И тут он чуть не испортил весь праздник, что царил сейчас здесь, в свинарнике. Всего-то и сказал:

— А скольких, Бимба, вершков бабушкина свинья?

— Бабушкина? — переспросил Бимба и улыбнулся, но тут же его брови сдвинулись, он насупился, посмотрел исподлобья на мать, на отца, ногой притопнул: — Куда делась бабушка? Почему она к нам не возвращается?

У матери лицо сразу хмурым стало; отец виновато взглянул на нее, долго сморкался и кашлял, затем наконец пробормотал:

— Куда денется — вернется… А ты знаешь, Бимба, свинину продадим — велосипед тебе купим.

— Машину ж хотели… «Москвича»!

Глупенький Бимба сразу забыл про бабушку…

Дулмадай представилось, что бабушка тут, рядом, можно нащупать ее теплую руку, приложиться к ней щекой… Но нет, далеко отсюда любимая бабушка! Разве забудешь, как опечаленно говорила она отцу: «Мархай, в нашем роду никогда не было корыстных, жадных людей. Ты сам, вижу, не жадный. Одумайся, ведь дети растут, им с людьми жить… Что затмило твой разум, сын? Жирный кусок, поверь, не самый вкусный…» Тряслись пальцы у бабушки, дрожали щеки — так она волновалась, Дулмадай видела это. Слышала, как в день своего ухода от них бабушка гневно бросила отцу: «Горе мне! Ум моего старшего сына спит, он смотрит на все не своими глазами!»

Заискивающий, как прежде, неестественно оживленный голос отца громко звучал в свинарнике — вроде бы ему тесно было здесь:

— Что нам, сын, какой-то задрипанный «Москвич»! «Волгу» купим, я каждую неделю буду привозить тебя из интерната на выходные домой… Точно, мать? Купим «Волгу»?! Только, Бимба, пока не болтай никому об этом… Купим — тогда пусть смотрят!.. Правильно говорю, мать?

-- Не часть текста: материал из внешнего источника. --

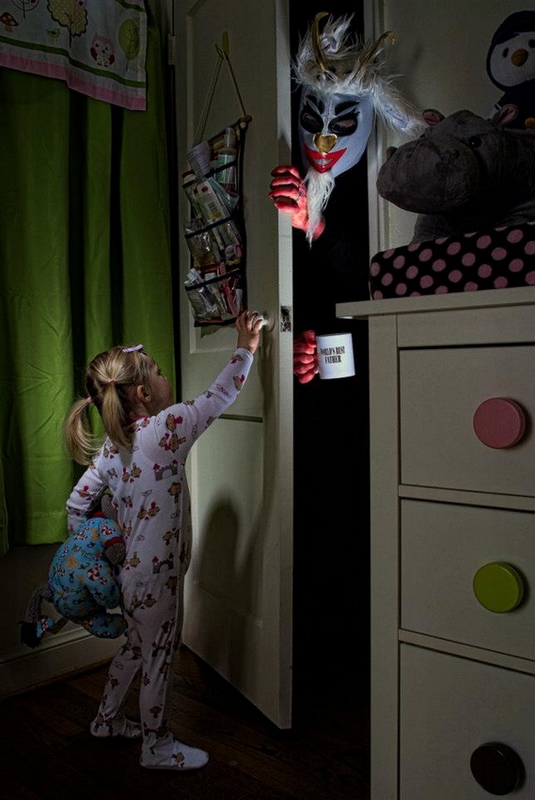 萌蘿莉與老爸的韓國(guó)奇遇記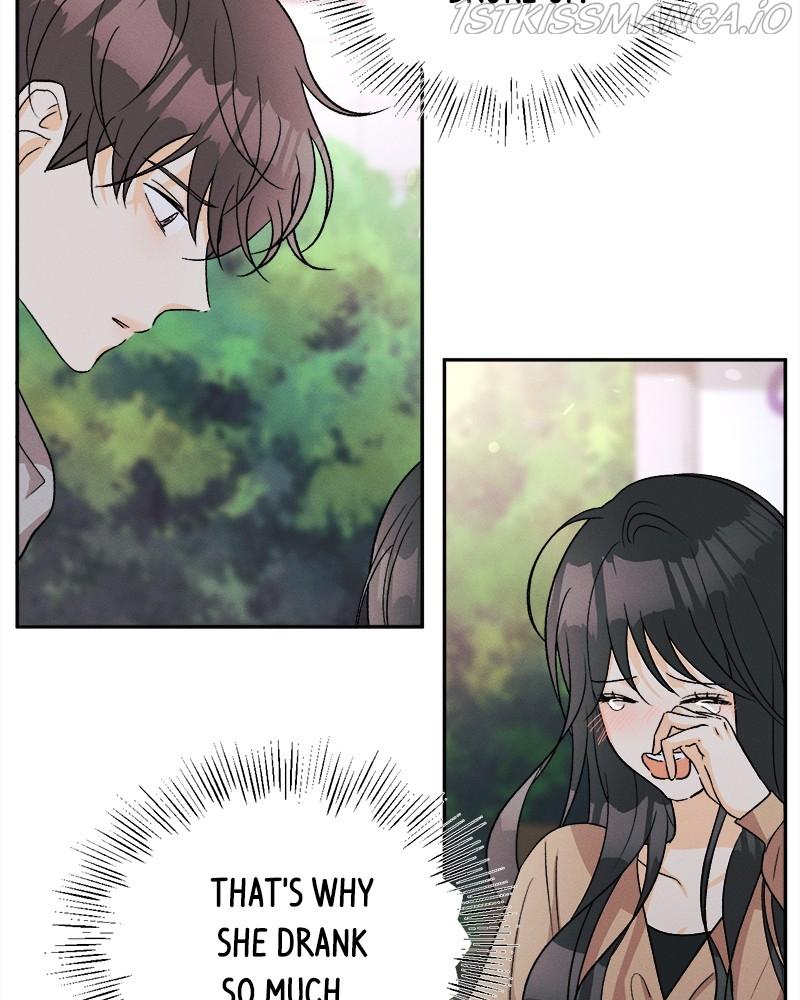 A Summer Night’s Dream Chapter 62 - page 39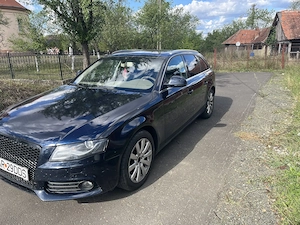 Audi a4 b8 citiți anunțul!!!! - imagine 2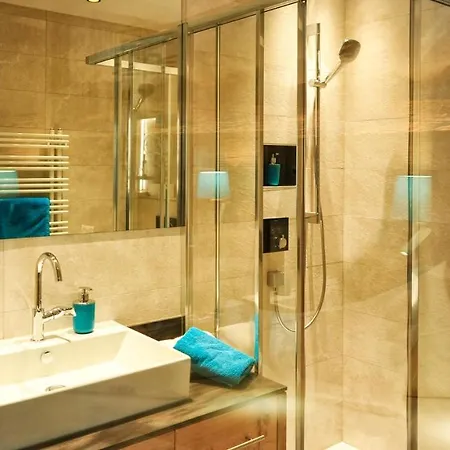 Garni Stefanie Ischgl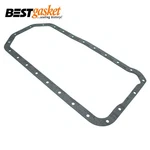 Buick 264 322 Nailhead V8 Oil Pan Sump Gasket 1953-1956 Best. Fixed Price $45.73.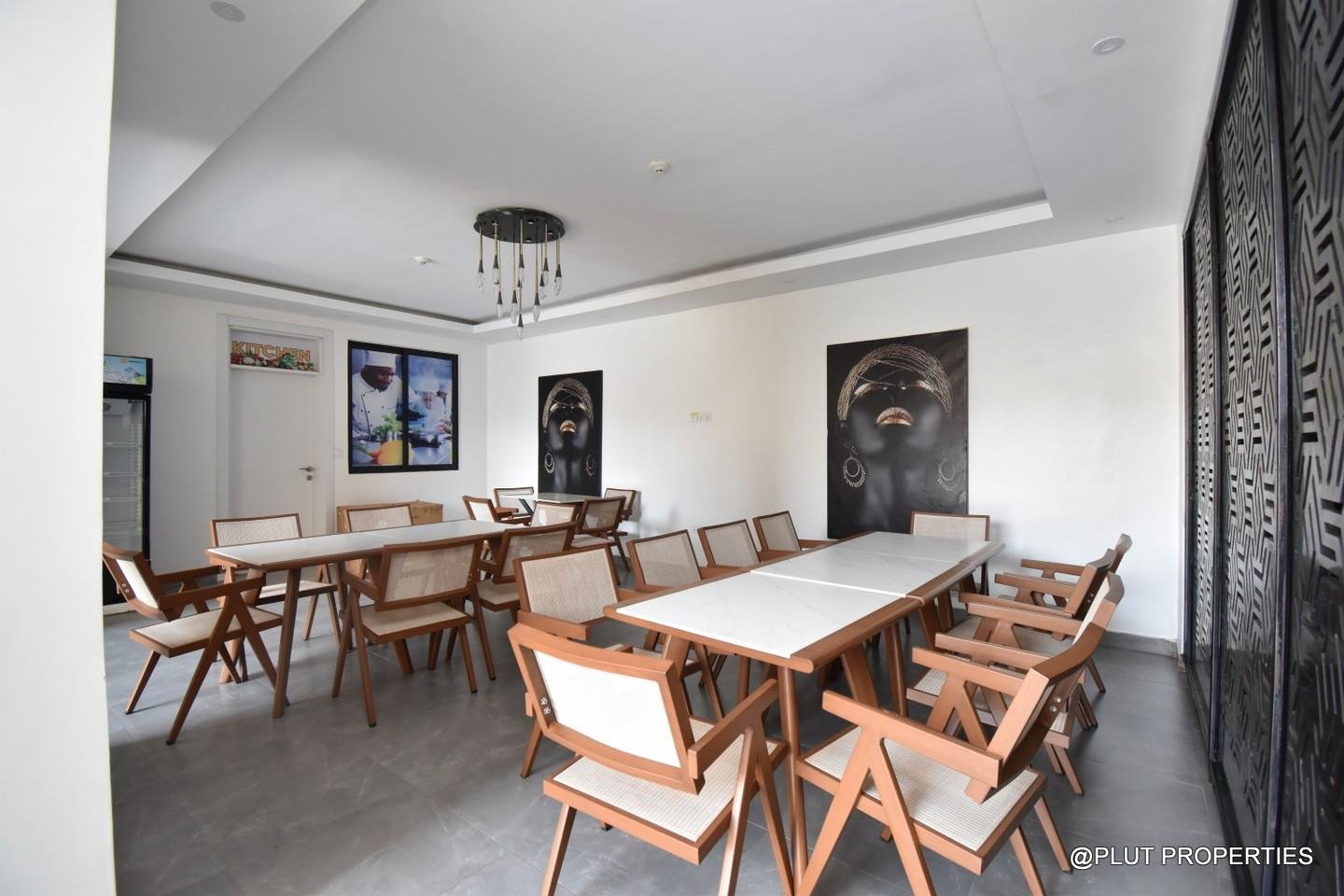 Apartment for rent in Kimihurura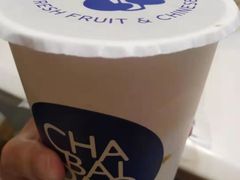-茶百道(中医大省医院店)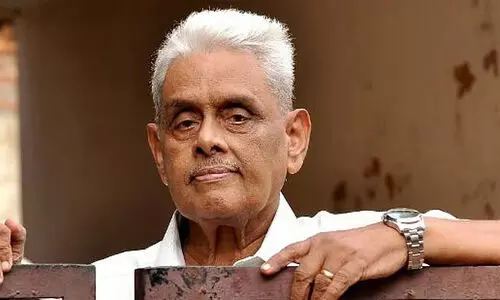 എം.ജി.എസ് ചരിത്ര ഗവേഷണ രംഗത്ത് മികച്ച സംഭാവന നൽകിയ ചരിത്രകാരൻ- എസ്.ഡി.പി.ഐ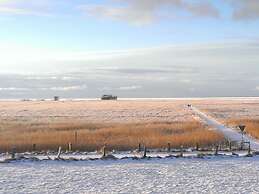 Kustkieker Modern Retreat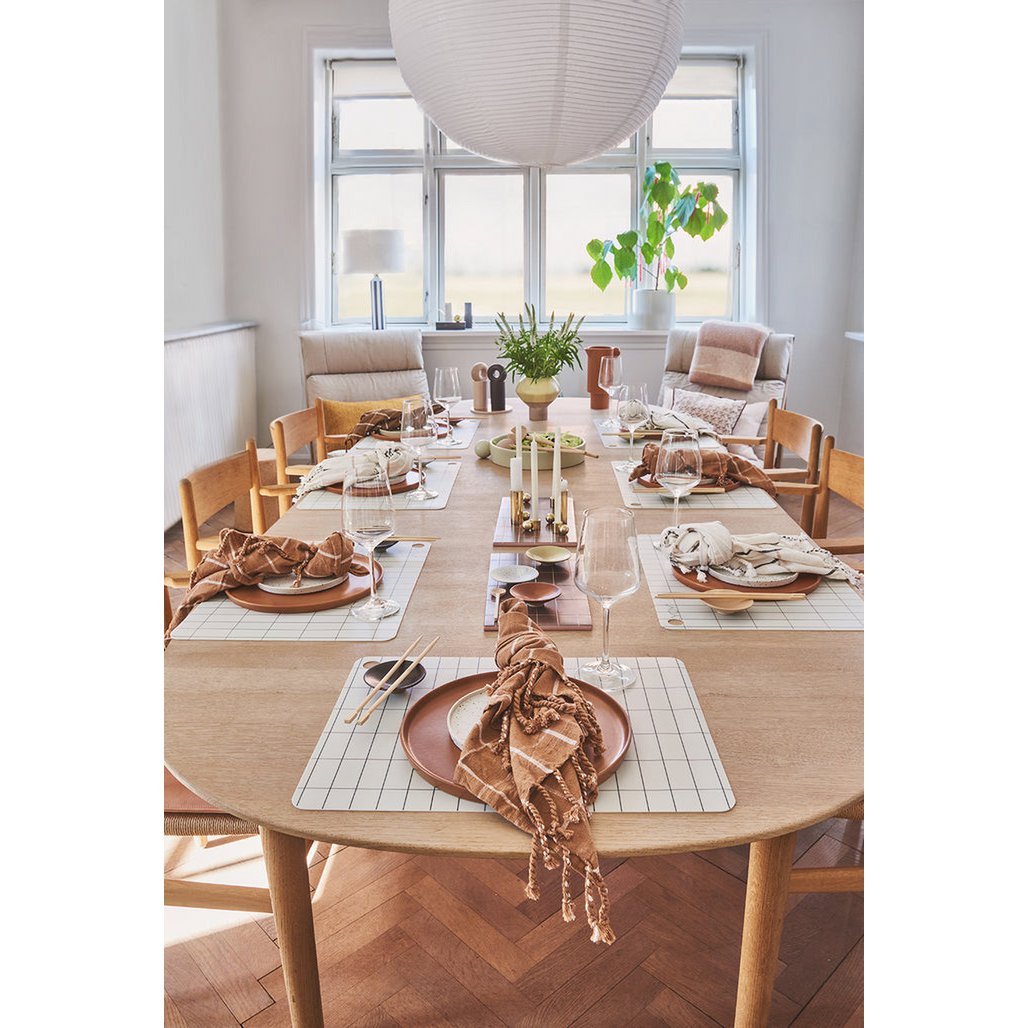 Palloa Kandelaar - Hoog OYOY LIVING DESIGN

— Ладно уж вам, как бы не сглазить, — ворчливо ответила она. — Сами хозяева: как решим — так и сделаем.

И властно поторопила:

— Мархай, выгоняй коров со двора… Кто увидит — темень! А молочка за ночь поднакопят…

Отец, ссутулившись, вышел из свинарника.

В его сгорбленную спину летел беззвучный крик Дулмадай: «Папа, не надо!..»

Ночью она долго не могла заснуть, шептала в горячую подушку: «Наверно, чужая я здесь, в своем доме, ведь ничто меня не радует, я боюсь, боюсь, сама не знаю чего…»

Из темноты наплывал другой шепот — переговаривались родители. Мать, борясь с зевотой, наказывала отцу:

— Дулмадай нанялась помощницей кухарки… Сам скажи ей, чтоб отходы всякие домой привозила. Два-три ведра, глядишь, наберет — и то дай сюда! Свиньям-то, а? Не забудь — скажи утром…

БЛАГОДАРНОСТЬ

Дни теперь мелькали, как спицы в колесе. Дулмадай порой уставала так, что к вечеру засыпала на ходу, а подниматься нужно было рано — лишь только вторые петухи прогорланят побудку… Уставала она — и не было счастливей ее! Вот это ощущение, что делает полезную работу, нужную другим, что она со всеми вместе, каждому ее работа видна, а возле к тому ж ласковая, все понимающая бабушка Янжима, — это ощущение грело Дулмадай, хотелось, чтобы сеноуборка длилась долго-долго — до первого сентября!

Раза два по настоянию матери привозила домой бидоны с кухонными отходами, а потом отрезала: «Ругайте, бейте — не буду! Люди подумают, что нанялась в помощницы к бабушке Янжиме из-за этих объедков, огрызков, очисток, чтоб домашних свиней кормить…» Мать, против ожидания, спокойно перенесла этот «бунт», только проворчала: «Как же! Сознательная пионерка!..»

Наверно, поняла мать: раз двое теперь работают в колхозе — к ней самой уже приставать не будут, чтоб на скирдование выходила или куда еще… А то, что раньше по дому делала Дулмадай, теперь легло на плечи мужа. Выгнать коров на тайную ночную пастьбу, на рассвете отправить их и телят в стадо, почистить хлев, нарвать крапивы для запарки — свиного корма, разыскать в бурьяне отбившегося от наседки цыпленка… да разве перечислишь все, что отныне приходилось делать Мархаю! И делал, разрываясь между собственным хозяйством и своими обязанностями колхозного зоотехника. Попробовал возразить — Шаажан закричала: «Я, по-твоему, лошадь, на которую что ни взвали — потянет? И так захлестнулась — передохнуть некогда. Ты чего — на соседа работаешь? На себя!» Добавляла: «Пожалуйста, пусть Дулмадай из стряпух уходит — полегче тебе станет…»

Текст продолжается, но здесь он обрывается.